Phase identification and discovery of hidden crystal forms in a polycrystalline pharmaceutical sample using high-throughput 3D electron diffraction

3D electron diffraction (3D ED), also known as MicroED, has shown great potential in crystal structure determination in materials, small organic molecules, and macromolecules. In this work, a high-throughput 3D ED method has been implemented to identify six phases in an active pharmaceutical ingredient, griseofulvin (GSF). Batch data collection under low-dose conditions using the widely available commercial software EPU-D (Thermo Fisher Scientific) was combined with semi-automated data processing and clustering to collect and process over 100 datasets over three days.

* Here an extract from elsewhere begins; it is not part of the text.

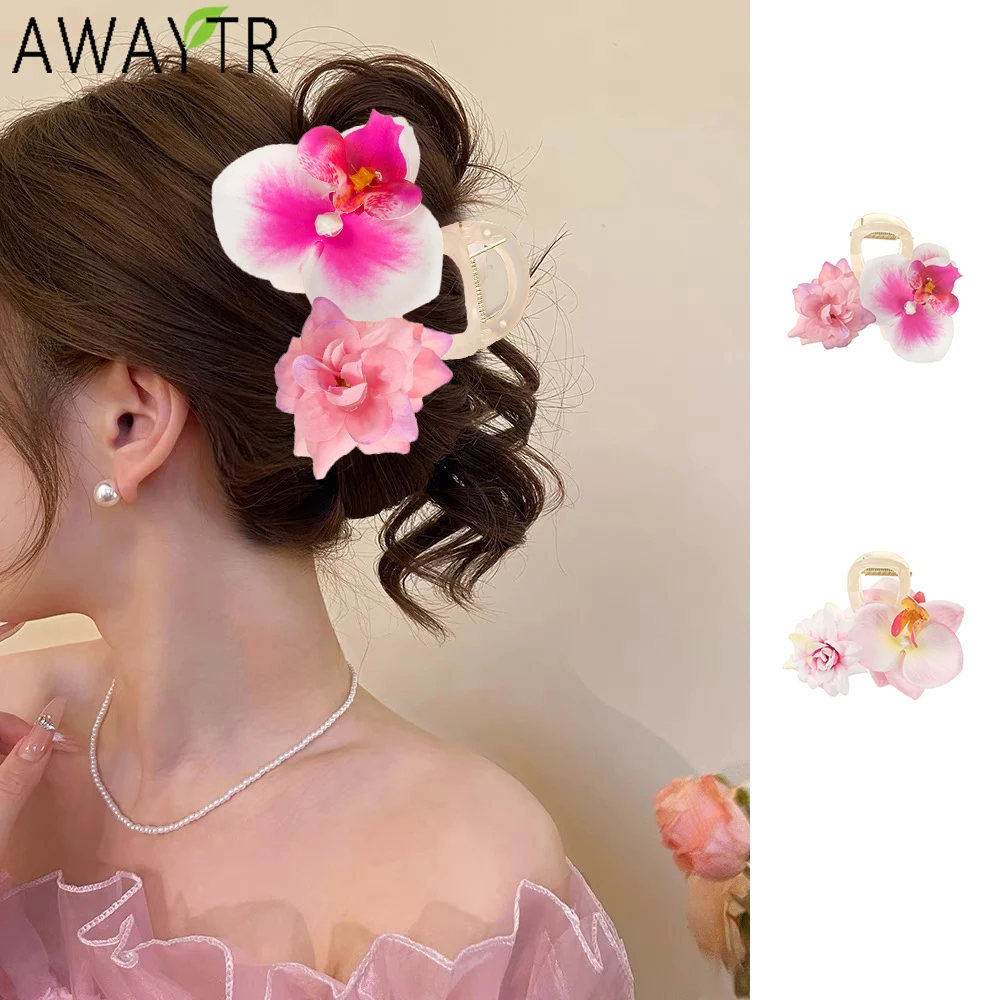 AWAYTR Pink Phalaenopsis Hair Claws Plastic Ponytail Hair Clips Crab For Women Girl Gift Hair Accessories Valentine Headwear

Accurate unit cell parameters obtained from 3D ED data allowed identification of GSF Forms III, I, GSF-and PEG IC-I, as well as three additional phases undetected in powder X-ray diffraction data, namely GSF II, GSF-V and a new phase GSF-PEG IC-II. Their structures were directly determined by 3D ED. Through structure analysis, we discovered polymorphism within inclusion complexes built from the same clinical drug-polymer combination. These results demonstrate the ability of the high-throughput method to accurately reveal the phase information of complex, beam-sensitive crystallisation products, which is significant for drug design where crystal form screening is crucial for the overall efficacy of the drug product.